Assimilei a resposta, engolindo o olhar cerrado.
- Quem comanda isto? - perguntei.
- Diversas pessoas, pois é como a administração de uma companhia. - respondeu.
Para a próxima questão, tive de me controlar.
- Eu vou poder estudar?
- Que pergunta. É lógico, querida! - ela riu, e até sua risada era bonita.
Internamente, senti um leve alívio.
- O que era aquilo que tomei na iniciação? - minhas palavras se perderam, assim que ela arregalou os olhos.
- É... - Rubi foi interrompida.
- É a substância que tira a cor dos seus cabelos e pele. - disse uma voz doce, logo atrás.
Nos viramos, apenas para dar de cara com... Ônix? Meu coração acelerou.
Ônix estava diferente. Seus traços finos, pele e cabelo brancos continuavam os mesmos. Porém, a mudança parecia impossível.
Ao invés de estar na camisa e calça social que o tinha visto usando, ele estava com um jeans gasto e um par de all-stars, cada pé de uma cor (um preto e outro branco). Na parte de cima, vestia uma camiseta cinza de manga longa, manchada em diversos pontos por tinta colorida. Seu cabelo, que antes era liso, estava ondulado, com um aspecto natural e jovem. Outra coisa chamativa, era mais tinta no rosto, manchando as bochechas, testa e ponta do nariz, além das pontas dos cabelos, que eram uma mistura de branco e arco-íris.
- Meu Deus, Ônix! - Rubi exclamou, repreendendo-o - você parece ter saído de uma lata de tinta!
Só então ele pareceu notar o próprio estado. Os olhos verdes e negros percorreram as próprias mãos, que estavam da cor azul-turquesa.
- Eu estava no estúdio, terminando o quadro que Ripley pediu. - jogou o cabelo para trás, manchando-o ainda mais.
- Percebi. - Rubi retrucou - por favor, da próxima vez, pelo menos lave as mãos.
Ele parou de encarar as roupas e subiu os olhos para a irmã.
- Por que? Você não gosta de tinta? - avançou, as mãos esticadas em direção a camiseta impecável da irmã.
- Cai fora, Ôni! - Rubi esquivou-se, como um gato.
Imóvel e chocada, perguntei:
- É... sério? Aquele... remédio... tira mesmo a cor do cabelo e da... pele?

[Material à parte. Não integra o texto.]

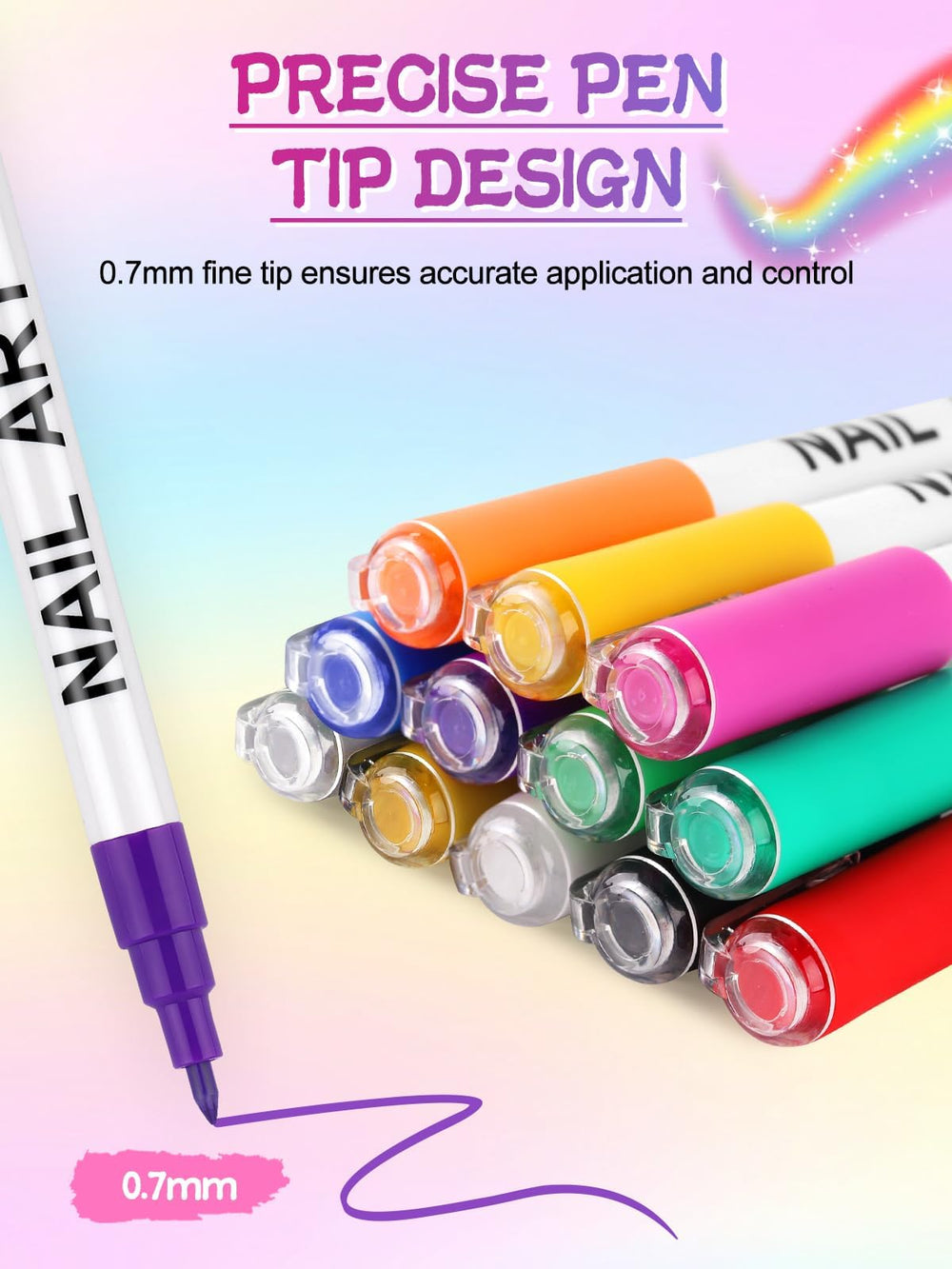 EBANKU nail art pens quick-dry formula ensures smudge-free application during nail art.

O garoto pareceu lembrar-se de que eu estava ali. Ajeitou-se ereto, o leve sorriso pela brincadeira com Rubi deixando seu rosto.
- É. - respondeu.
Por reflexo, minha mão foi de encontro ao couro-cabeludo, bem na região onde havia visto o cabelo branco.
- Eu... - fui interrompida.
- Você pode tingir depois! - disse Rubi, tentando me distrair - mas, agora, não quer saber mais sobre seus estudos?
Encarei-os novamente, abaixando devagar as mãos. Podia ver o quanto queriam mudar de assunto.
- Quero. - murmurei, recebendo como resposta um sorriso ansioso.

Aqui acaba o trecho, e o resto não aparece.